@htamas: On every chip I have tested, there are only two conditions that occur between any pair of GPIO configuration blocks, which you correctly identified as: (1) an independent hold violation, and (2) a dependent hold violation on falling edges. I have never observed the other two (no violation, or dependent hold on rising edges). That I only see one kind of dependent hold violation makes sense, since the hold violation occurs in the equivalent spot for every GPIO configuration block, so the digital circuits generating the data and clock signals are the same cell type, and while the absolute delays may vary by wiring path, the relative delays between rising and falling edges will be the same for every instance.
The violations occur in two long shift registers running up the sides of the chip to access all the GPIO pads. The shift registers work by holding the configuration values in the housekeeping block inside the processor, then copying them to a position near the GPIO pin using the shift register. So the GPIO configuration is two long serial bitstreams of (13 * 19 = 247) bit each, 13 bits per GPIO times 19 GPIOs per side.

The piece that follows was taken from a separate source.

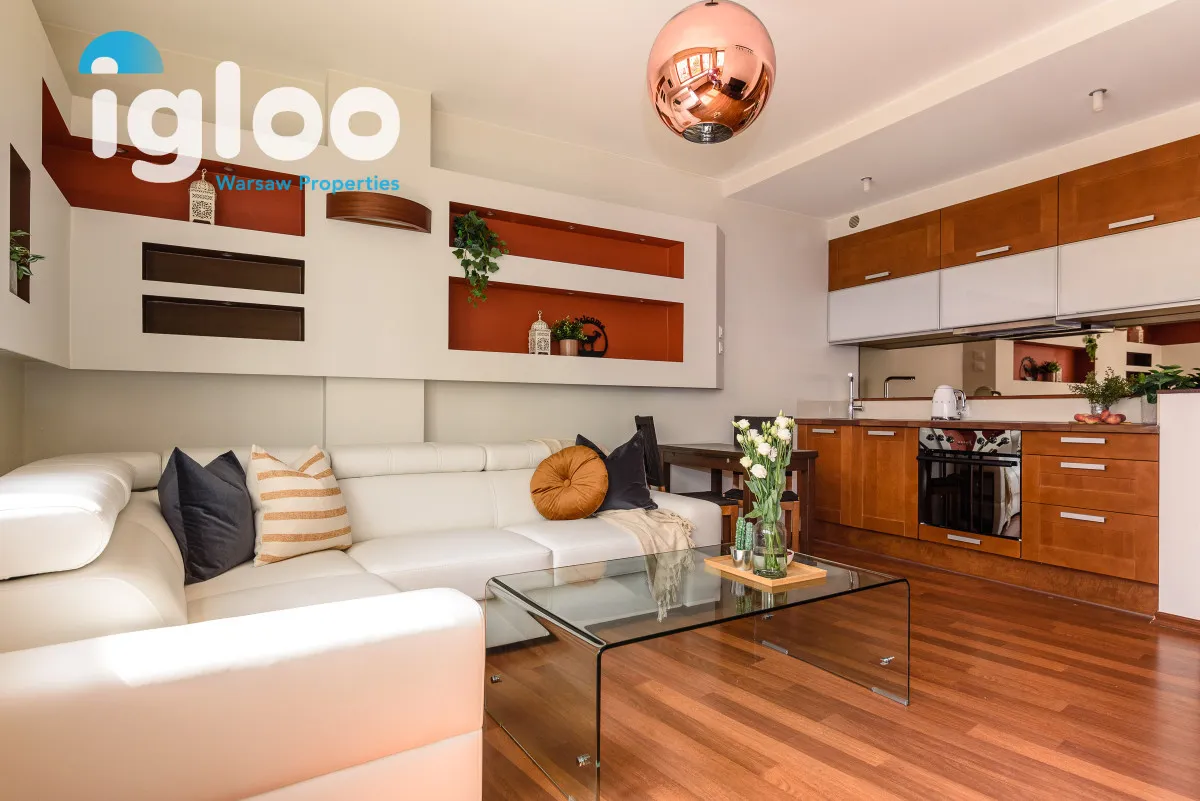 Dwupokojowy apartament w Śródmieściu 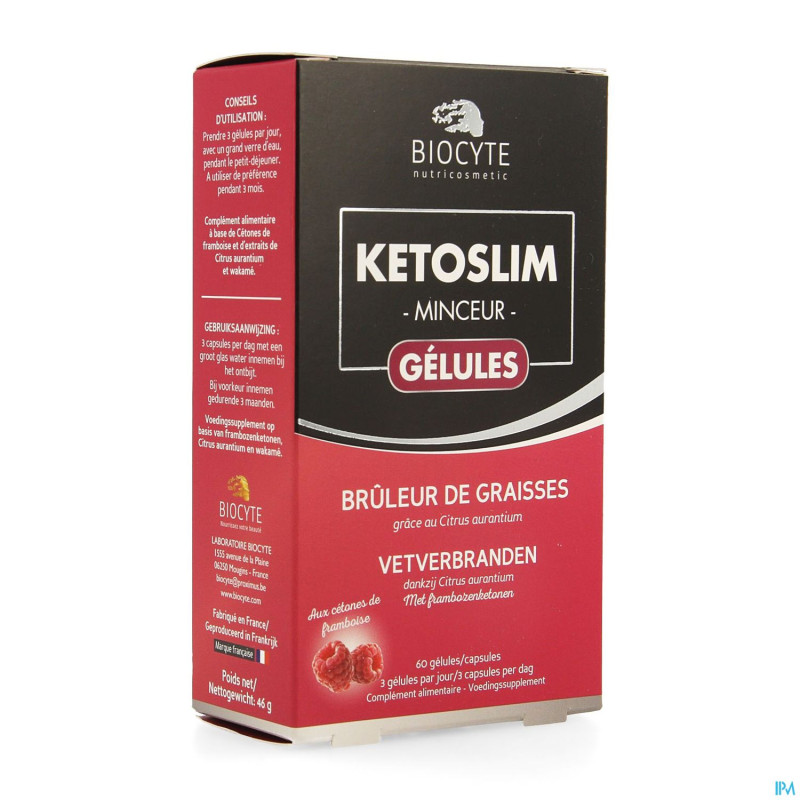 Biocyte ketoslim    caps  60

When an independent hold violation occurs, the bits "slip" forward by one position in the chain. Effectively, that means that the first of each set of 13 configuration bits gets lost. To compensate for that, the initial configurations can be shifted so that the other 12 configuration bits end up in the right position. The words written to the configuration hold registers in the housekeeping module are then shifted versions of what was supposed to be in those registers, and the data cross over into neighboring configuration registers.
When a dependent hold violation occurs, the bits slip forward by one position, but only if there is a 1->0 transition. Otherwise it works as intended. The net effect of that is that when the bit stream passes through the point where there is a dependent hold violation, the last "1" bit in any run of 1s gets stripped off. So if you start with the bit stream "11100", after it goes through one dependent hold violation it becomes "11000", and after it goes through two dependent hold violations, it becomes "10000". That condition can be compensated for exactly by adding additional "1" bits to then end of a run of 1s for every dependent hold violation that bit will pass through in the shift register before it reaches its final destination.

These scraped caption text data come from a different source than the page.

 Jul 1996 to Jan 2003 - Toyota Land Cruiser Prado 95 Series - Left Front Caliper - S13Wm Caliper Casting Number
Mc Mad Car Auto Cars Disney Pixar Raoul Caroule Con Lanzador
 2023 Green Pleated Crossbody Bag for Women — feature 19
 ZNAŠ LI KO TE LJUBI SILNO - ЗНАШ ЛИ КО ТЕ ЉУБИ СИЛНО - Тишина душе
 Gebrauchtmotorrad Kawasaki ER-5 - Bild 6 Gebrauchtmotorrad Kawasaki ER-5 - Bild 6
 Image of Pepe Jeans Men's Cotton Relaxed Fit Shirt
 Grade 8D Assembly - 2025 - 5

So there are two issues that crop up:
(1) For every independent hold violation, a bit gets lost: The high bit of one configuration register (which determines the output mode) is always equal to the low bit of the next configuration register (which determines if the GPIO is management-controlled or user project-controlled). The trick here is figuring out how each GPIO can be configured so that those two bits can be the same value. Sometimes that forces an output to be configured in a weak pull-up or weak pull-down mode, but otherwise it is usually possible to find a set of configurations that works.

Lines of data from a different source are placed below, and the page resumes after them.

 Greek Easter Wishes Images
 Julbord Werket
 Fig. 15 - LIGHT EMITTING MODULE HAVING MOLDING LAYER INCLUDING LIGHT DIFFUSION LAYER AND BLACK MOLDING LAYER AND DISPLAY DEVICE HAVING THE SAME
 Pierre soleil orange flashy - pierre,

(2) The dependent hold violations can be corrected for exactly only up to a point---if you have to keep adding "1" bits, then you eventually run out of bits that you can add. If you have a run "10001", then you can correct for two dependent hold violations by making the run "11101", but correcting for three dependent hold violations is impossible because the bitstream would be "11111", and suddenly there is no longer a falling edge transition to be a hold violation. Fortunately, there are plenty of valid configurations that have long runs of zeros, but if the chip has more than, I think, ten dependent hold violations on either side, then it becomes impossible to correct the ones at the end. Not only do you lose the ability to correct the GPIOs at the end of the chain, but you lose the ability to figure out what the hold violations are past that point, so those GPIOs become unusable. That's when GPIOs get marked "H_UNKNOWN". If your user project is making use of a pin that got marked "H_UNKNOWN", then that chip is going to be untestable.